Aquí se publican pocos textos teatrales traducidos. No sé si es porque la gente no quiere leer obras de teatro, y prefiere ir a ver la representación (el teatro funciona bien en Madrid), o porque las editoriales no quieren arriesgarse. Cuando se publica, nos ofrecen siempre los mismos nombres: William Shakespeare, Henrik Ibsen, Tennessee Williams, Oscar Wilde, Harold Pinter porque ganó el Premio Nobel, y poco más. El resto de autores, como si no existiera. Suerte que hay algunas traducciones (y análisis) fabulosas en Cátedra, que nos ha servido varias obras de Eugene O’Neill, entre ellas la inolvidable “Aquí está el vendedor de hielo”; de Edward Albee, de quien acabo de leer “¿Quién teme a Virginia Woolf?”; o de David Mamet, de quien recomiendo un volumen que agrupa “Casa de juegos” y “Glengarry Glen Ross”. Cátedra ha publicado no hace mucho un mamotreto que recoge toda la obra de Bertolt Brecht. Pero lo que uno quisiera es aventurarse en obras de dramaturgos más modernos, esos que triunfan en Estados Unidos o Inglaterra y que aquí apenas percibimos. Y vuelvo a citar a Shepard, a Stoppard, a Mamet, a Marber. De Marber me gustaría leer “Closer”, que he visto en cine y en los escenarios madrileños. De Stoppard ya me gustaría adentrarme en “Rosencrantz y Guildenstern han muerto”. Por poner un par de ejemplos. A veces, sí, insisto, algunas editoriales nos deparan sorpresas. En otras ocasiones cojo uno de esos ejemplares y veo que está en español, y luego descubro que es importado de Latinoamérica, y la traducción tendrá giros que no reconoceré y jerga a la que me costará acostumbrarme. Como me ha pasado con “Valparaíso”, de Don DeLillo, o con “La invención del amor”, de Stoppard. No las compré por la traducción.

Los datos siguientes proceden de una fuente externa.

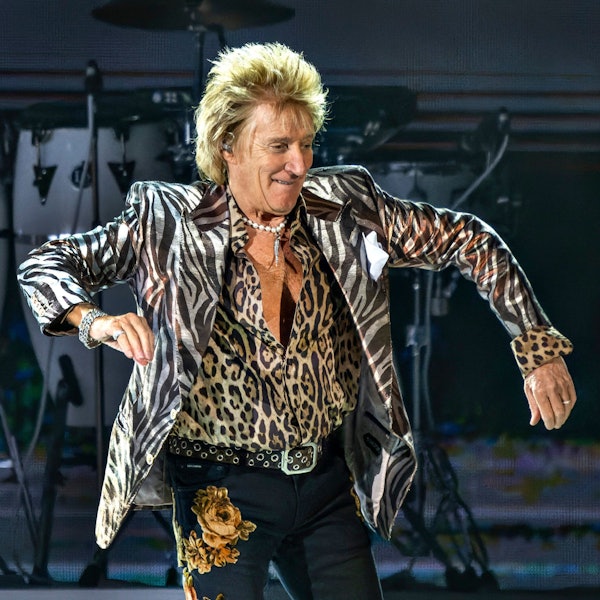 Rod Stewart bei einem Konzert in Kopenhagen. In Budapest wurde der Sänger wie zuvor schon in Leipzig ausgebuht.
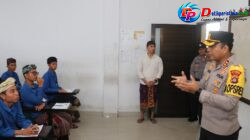 Melalui Program Polisi Peduli Pengangguran, Kapolres Karangasem Memotivasi Calon Pekerja Migran di LPK WTC 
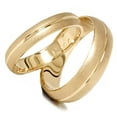 thumbnail image 2 of Pompeii3 Channel Brushed Wedding Band Set 14K Yellow Gold, 2 of 3
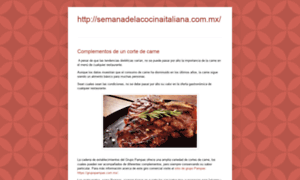 Semanadelacocinaitaliana.com.mx thumbnail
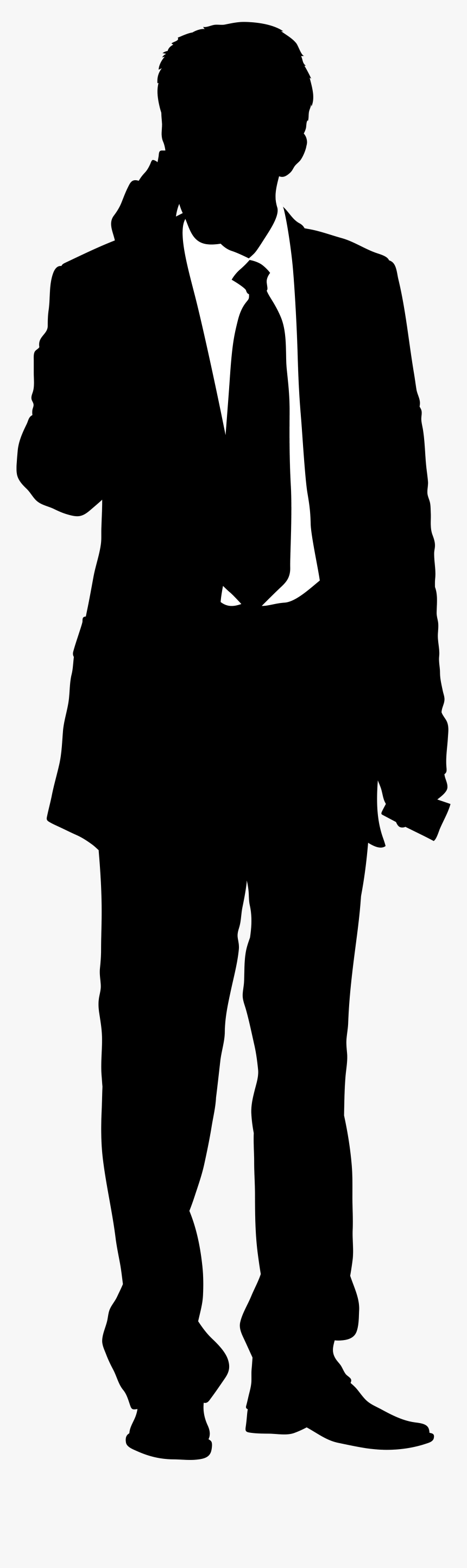 Businessman Silhouette Png Clip Art Image - Business Man Png Clipart, Transparent Png, Free Download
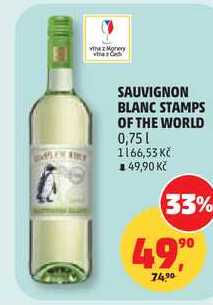 SAUVIGNON BLANC STAMPS OF THE WORLD, 0,75 l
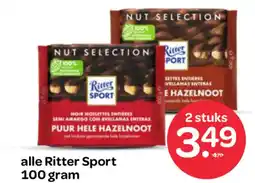 Spar Alle Ritter Sport aanbieding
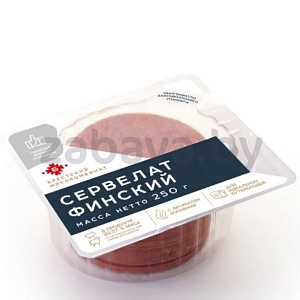 Сервелат «Финский», к/в, 250 г, «Брестский» МК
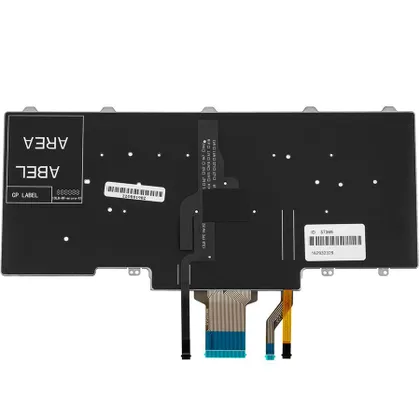 фото, Клавіатура для ноутбука DELL (Latitude: E5450, E7450), rus, black, без фрейма, з підсвічуванням, з джойстиком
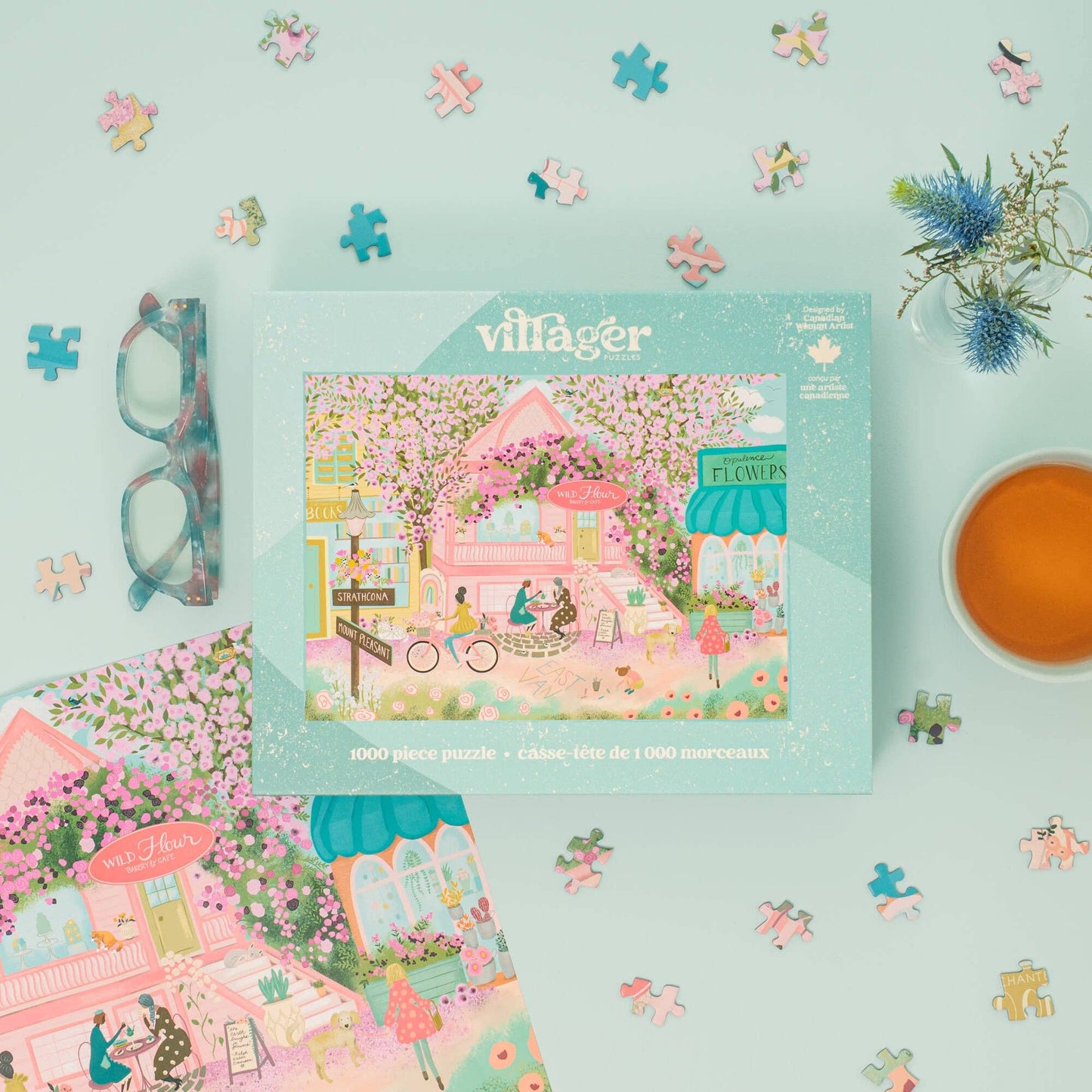 City in Bloom | 1000-Piece Puzzle | Designed in Canada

Quizá haya pocos lectores de textos teatrales. Yo compré hace tiempo unos cuantos de estos libros. Cuando he leído demasiadas novelas procuro desengrasar los ojos con una obra de teatro. Algo clásico, algo vanguardista, algo contemporáneo. Lo que sea. El caso es disfrutar. Disfrutar y divertirse y aprender con “Esperando a Godot”, con “Muerte de un viajante”, con “Aquí está el vendedor de hielo”, con “Glengarry Glen Ross”. Disfrutar de lo lindo con sus diálogos y planteamientos.